_Task directions:_
Retyping should cover only the lines from the one containing "Next we move" through the final line of the records, with pictures omitted.

──────────────────────────────

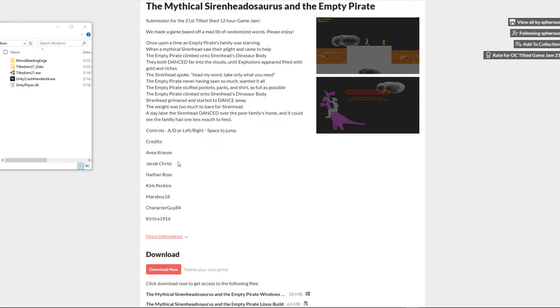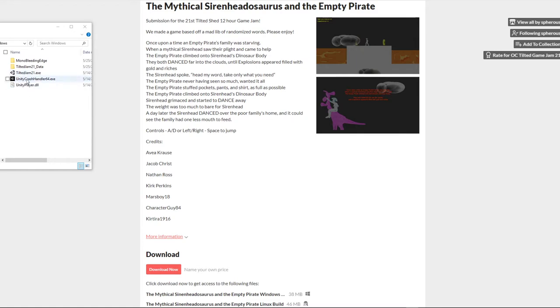But anyways, let's check out this game. The Game Jam had a Mad Lib that we had to complete with some randomly generated or chosen words, and the Mad Lib dictated the story of the game, and this was the result.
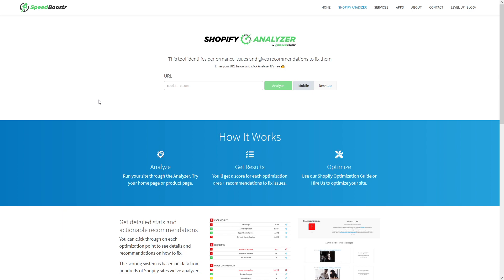In this tutorial, I'd like to introduce a really amazing tool for all Shopify store owners. It's called Shopify Analyzer by Speed Booster. Basically, it's a scanner that scans your website for potential optimization improvements.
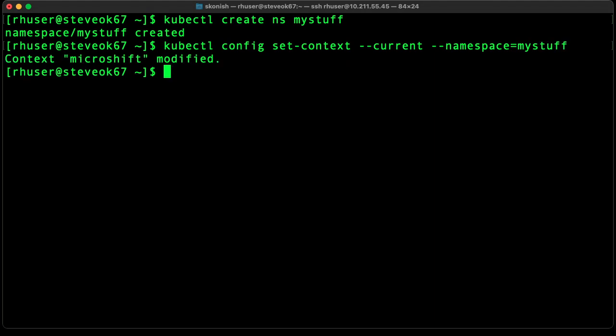Okay, let's go ahead and launch an application. Let's launch NGINX.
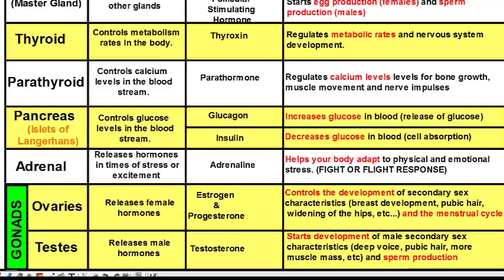Males have gonads called the testes, which release male hormones such as testosterone. Testosterone causes male secondary sex characteristics such as deepening of the voice, pubic hair, more muscle mass, and the production of sperm. Sperm doesn't get produced until puberty, when testosterone levels increase in the body. That concludes our vodcast on the endocrine system — those are the glands, hormones, and functions of all of them. Thank you so much, I hope that was helpful.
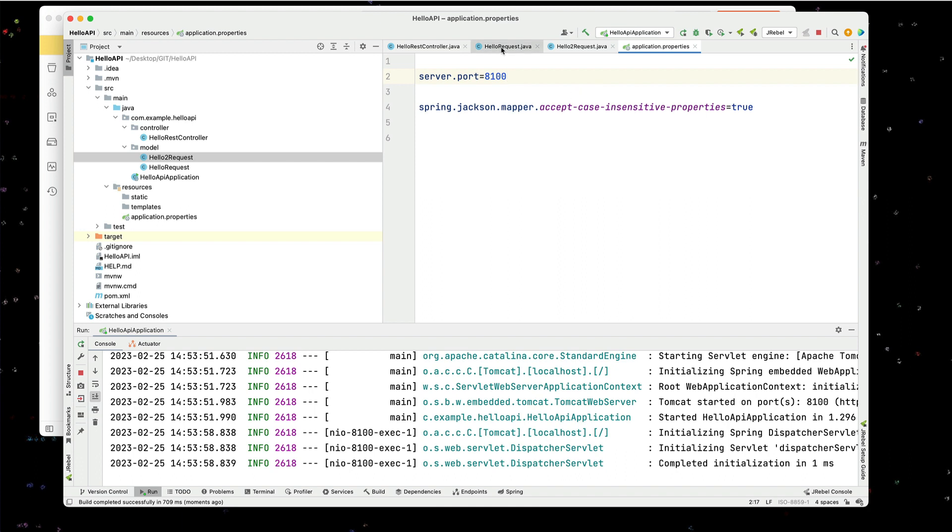Otherwise, you could have simply the JSON format annotation on the JSON object that you want to ignore the case. There you go. I hope you enjoyed this fast and simple video on case-insensitive posts.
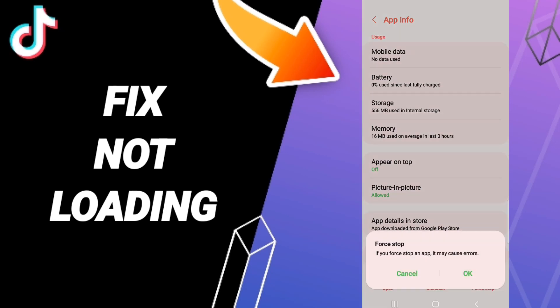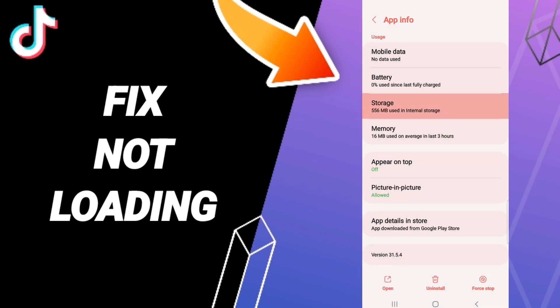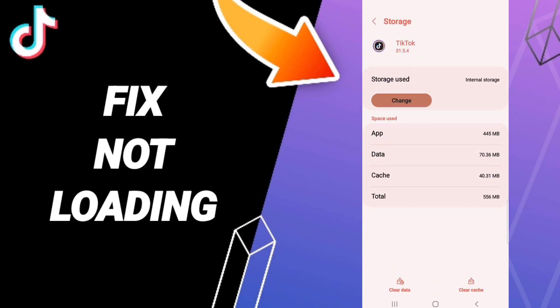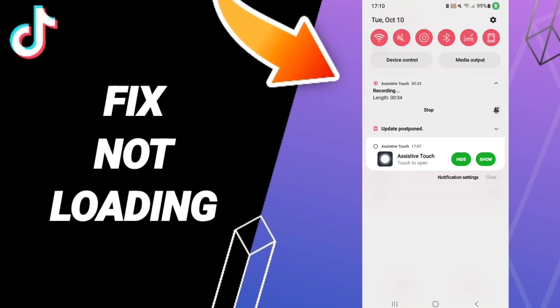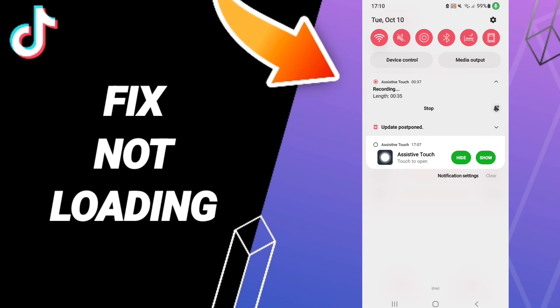Then we'll enter to storage. After that, we click clear cache. I don't click here clear data because that can make errors or problems on your app. And then you can turn off your phone.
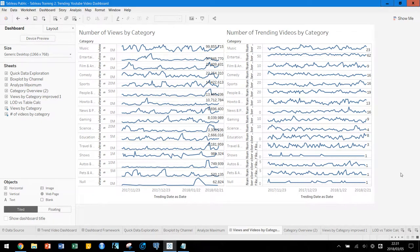Hello guys, this is my first experiment to explain my dashboard — how to create a dashboard. I'm not an English speaker so you may have a hard time understanding my English, so let me say sorry for that in advance. I need more experience with this kind of video explanation challenge.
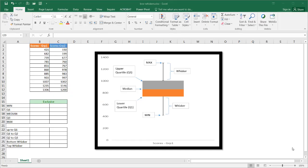In this video I'm going to show you how to create a box and whiskers chart. A box and whiskers chart looks like this — you have your box here and your whiskers at the end: a lower whisker and an upper whisker. This is a type of chart that helps you look at quartile data.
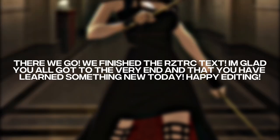All right, there we go. We finished the retro text. I'm glad you all got to the very end and that you have learned something new today. Happy editing, everyone.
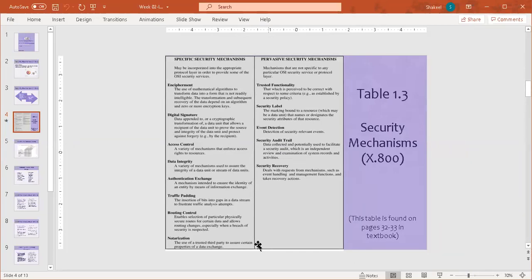Next is notarization — the use of a trusted third party to assure certain properties of a data exchange. You may have heard of a notary public or stamp paper made by an Oath Commissioner, where an agreement is validated by a government-recognized party. These notarization services are now available online through mobile apps; you can have a document digitally signed and verified, and agreements between two parties can be notarized by a trusted third-party service.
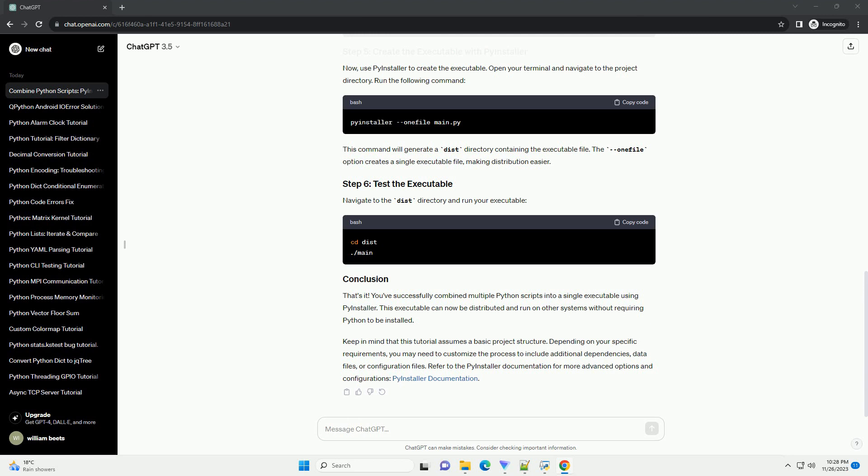Navigate to the dist directory and run your executable. That's it. You've successfully combined multiple Python scripts into a single executable using PyInstaller.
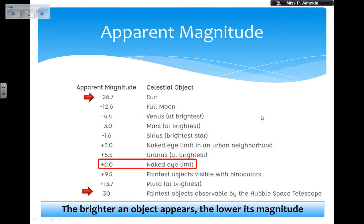Here is an example of the apparent magnitude of several objects. The Sun has an apparent magnitude of minus 26.7 — it's the brightest thing we see, the upper limit. The Full Moon is minus 12.6. Venus is minus 4.4. Mars is minus 3. Sirius, the brightest star in our night sky, has an apparent magnitude of minus 1.6 at the distance we observe it.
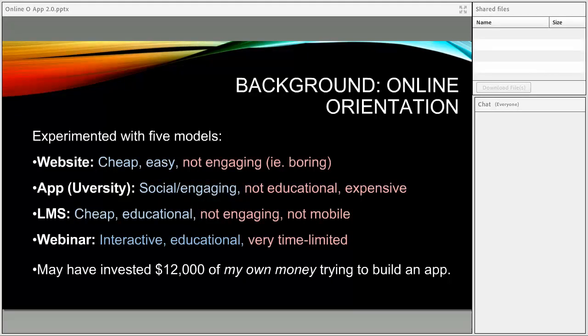The last model I don't talk about much in general, but it's part of the story: I was so committed to creating a truly inspiring online orientation that I may have invested $12,000 of my own money back in 2015 trying to build an app. The short story is it didn't work, but I learned a tremendous amount about working with online technology, working with developers, and building an engaging product. I wouldn't necessarily recommend that to other people, but it was a tremendous learning experience.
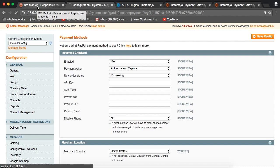That's all you need to do to install InstaMojo payment gateway in your website. Thank you for watching.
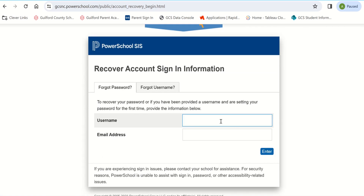Enter your username and email address you have set up in the account. The system will email you a temporary password if the email address you provide is associated with an account in the system. After receiving the temporary password email, you will be directed to log in. The platform will then direct you to change the password to one of your choosing.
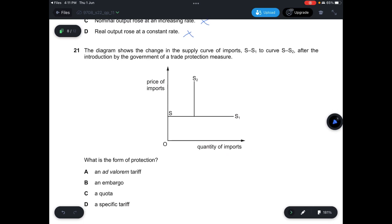Question 21: The diagram shows the supply curve of imports shifting from S to S1, then S to S2 after a government trade protection measure. The quantity is fixed in S2, meaning the protection measure is a quota. Answer is C.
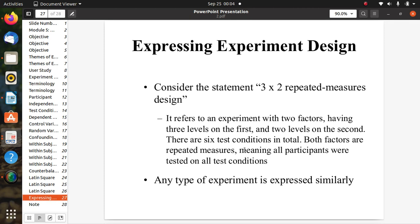When expressing experiment design, consider a statement like '3×2 repeated measures design.' This refers to an experiment with two factors: three levels on the first factor and two levels on the second, giving six test conditions in total. Both factors are repeated measures, meaning all participants were tested on all test conditions. Any experiment type is expressed similarly.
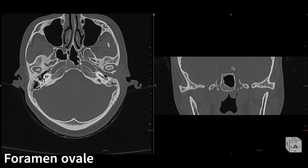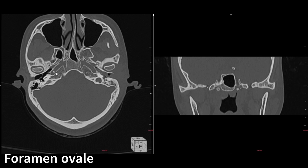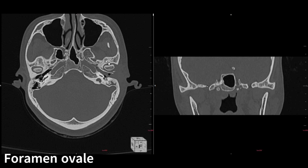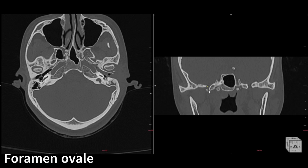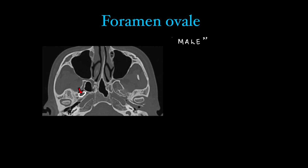Next we move on to the foramen ovale. Adjacent to the carotid canal and vidian canal, this is the foramen ovale — an oval-shaped foramen as the name suggests. On coronal images it is very well seen. Contents: there is a mnemonic — MALE structures pass through it.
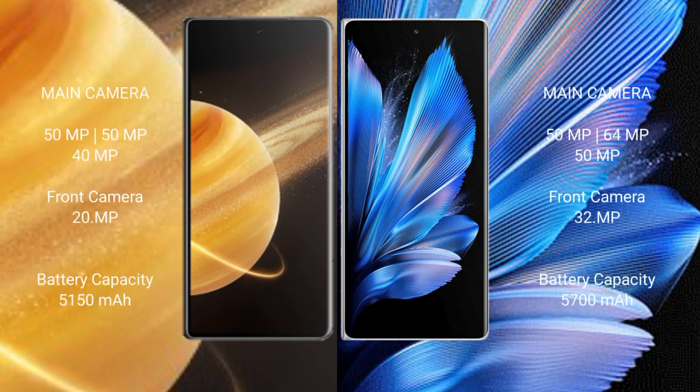Honor Magic V3 has a triple rear camera setup: 50MP, 50MP, and 40MP, with a 20MP front camera. Vivo X Fold 3 Pro has a triple rear camera setup: 50MP, 64MP, and 50MP, with a 32MP front camera.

──────────────────────────────

_Solution:_
Next we move on to the foramen ovale. Adjacent to the carotid canal and vidian canal, this is the foramen ovale — an oval-shaped foramen as the name suggests. On coronal images it is very well seen. Contents: there is a mnemonic — MALE structures pass through it.
Honor Magic V3 has a triple rear camera setup: 50MP, 50MP, and 40MP, with a 20MP front camera. Vivo X Fold 3 Pro has a triple rear camera setup: 50MP, 64MP, and 50MP, with a 32MP front camera.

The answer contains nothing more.